父は、私が中学1年生の時に某市への転勤が決まり、単身赴任となりました。
父親不在の生活となったわけですが、私自身の生活に大きな変化は感じませんでした。
当時の私は、さみしいですとか、家族が云々ですとか、そういった感情よりも、“怖い”存在というか、“口うるさい”存在がいなくなったことで、どこか解放感を感じていました。
思春期らしい感情だったのかもしれません。
父が単身赴任を終えて実家へと戻って来たのは、私が高校3年生になった時でした。
ところが、父と入れ違いに、今度は私が大学生となり、実家を出て一人暮らしを始めました。

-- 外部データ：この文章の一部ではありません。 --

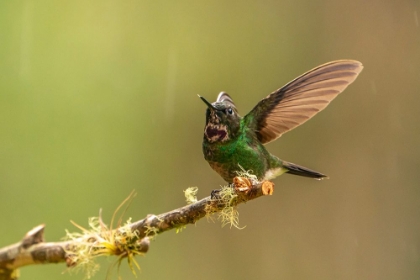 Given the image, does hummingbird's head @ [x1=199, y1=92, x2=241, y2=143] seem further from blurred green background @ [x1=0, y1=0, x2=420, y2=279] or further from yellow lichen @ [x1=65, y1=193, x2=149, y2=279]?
blurred green background @ [x1=0, y1=0, x2=420, y2=279]

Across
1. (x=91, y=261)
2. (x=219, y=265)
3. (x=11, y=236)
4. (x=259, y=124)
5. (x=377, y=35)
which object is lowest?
(x=91, y=261)

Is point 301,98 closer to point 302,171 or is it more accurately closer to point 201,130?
point 302,171

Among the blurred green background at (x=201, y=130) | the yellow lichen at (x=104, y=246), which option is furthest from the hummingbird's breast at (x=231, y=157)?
the blurred green background at (x=201, y=130)

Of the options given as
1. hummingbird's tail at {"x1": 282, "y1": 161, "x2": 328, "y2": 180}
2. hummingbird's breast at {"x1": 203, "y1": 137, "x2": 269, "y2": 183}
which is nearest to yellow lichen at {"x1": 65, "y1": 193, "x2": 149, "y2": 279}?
hummingbird's breast at {"x1": 203, "y1": 137, "x2": 269, "y2": 183}

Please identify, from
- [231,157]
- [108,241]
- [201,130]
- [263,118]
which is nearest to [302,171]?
[263,118]

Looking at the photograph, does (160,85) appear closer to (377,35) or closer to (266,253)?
(266,253)

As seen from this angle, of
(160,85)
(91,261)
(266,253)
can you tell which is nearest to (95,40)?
(160,85)

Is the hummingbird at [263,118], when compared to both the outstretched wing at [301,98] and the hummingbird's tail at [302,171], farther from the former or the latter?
the hummingbird's tail at [302,171] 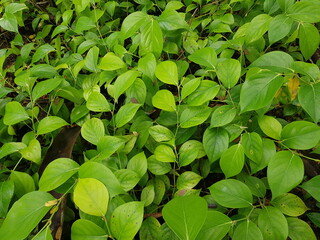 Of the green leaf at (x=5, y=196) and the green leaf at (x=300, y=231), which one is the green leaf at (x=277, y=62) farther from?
the green leaf at (x=5, y=196)

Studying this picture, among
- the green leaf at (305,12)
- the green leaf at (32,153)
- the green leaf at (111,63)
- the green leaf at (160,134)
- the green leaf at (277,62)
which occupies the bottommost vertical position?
the green leaf at (32,153)

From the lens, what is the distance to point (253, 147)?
29.5 inches

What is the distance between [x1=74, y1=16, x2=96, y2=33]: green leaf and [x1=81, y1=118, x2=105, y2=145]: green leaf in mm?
623

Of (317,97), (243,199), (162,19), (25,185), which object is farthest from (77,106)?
(317,97)

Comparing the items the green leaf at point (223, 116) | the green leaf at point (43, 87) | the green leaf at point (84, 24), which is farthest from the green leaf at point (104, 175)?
the green leaf at point (84, 24)

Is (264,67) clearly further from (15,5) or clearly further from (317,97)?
(15,5)

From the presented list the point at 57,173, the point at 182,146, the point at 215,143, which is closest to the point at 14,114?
the point at 57,173

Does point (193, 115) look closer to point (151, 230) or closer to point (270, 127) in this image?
point (270, 127)

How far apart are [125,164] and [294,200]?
1.67 feet

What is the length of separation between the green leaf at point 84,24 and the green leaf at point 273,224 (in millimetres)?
1095

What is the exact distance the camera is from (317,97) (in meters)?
0.69

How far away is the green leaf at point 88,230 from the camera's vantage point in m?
0.62

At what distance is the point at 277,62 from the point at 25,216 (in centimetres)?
81

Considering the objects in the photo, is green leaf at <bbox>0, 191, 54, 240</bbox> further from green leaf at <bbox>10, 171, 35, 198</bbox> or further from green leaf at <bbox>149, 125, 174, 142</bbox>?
green leaf at <bbox>149, 125, 174, 142</bbox> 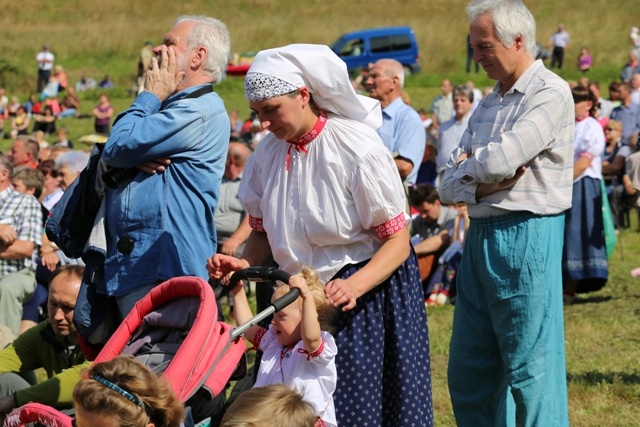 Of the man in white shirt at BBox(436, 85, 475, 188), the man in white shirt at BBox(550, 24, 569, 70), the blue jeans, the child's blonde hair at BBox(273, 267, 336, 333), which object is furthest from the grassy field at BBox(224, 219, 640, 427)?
the man in white shirt at BBox(550, 24, 569, 70)

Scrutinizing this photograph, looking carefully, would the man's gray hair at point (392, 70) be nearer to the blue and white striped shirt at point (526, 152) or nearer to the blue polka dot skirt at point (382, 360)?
the blue and white striped shirt at point (526, 152)

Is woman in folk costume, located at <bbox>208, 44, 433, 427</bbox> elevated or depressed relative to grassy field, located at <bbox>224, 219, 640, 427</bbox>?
elevated

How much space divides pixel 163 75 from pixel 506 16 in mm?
1497

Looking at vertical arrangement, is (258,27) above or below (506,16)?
below

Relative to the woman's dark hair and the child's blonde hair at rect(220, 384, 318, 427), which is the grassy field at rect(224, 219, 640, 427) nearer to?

私が大学を卒業して実家へと戻った頃に、父は病に倒れて、寝たきりの生活となりました。
ですから、中学以降、父とは入れ違いの生活で、ゆっくりと顔を会わせて、言葉を交わす機会はありませんでした。
私が大学を卒業して、実家で父と同じ屋根の下で生活しているとはいえ、運動能力を失い、言語能力も失い、寝たきりの状態となってしまったため、父と語り合い、互いの思いを語る機会は、ついに無くなってしまったわけです。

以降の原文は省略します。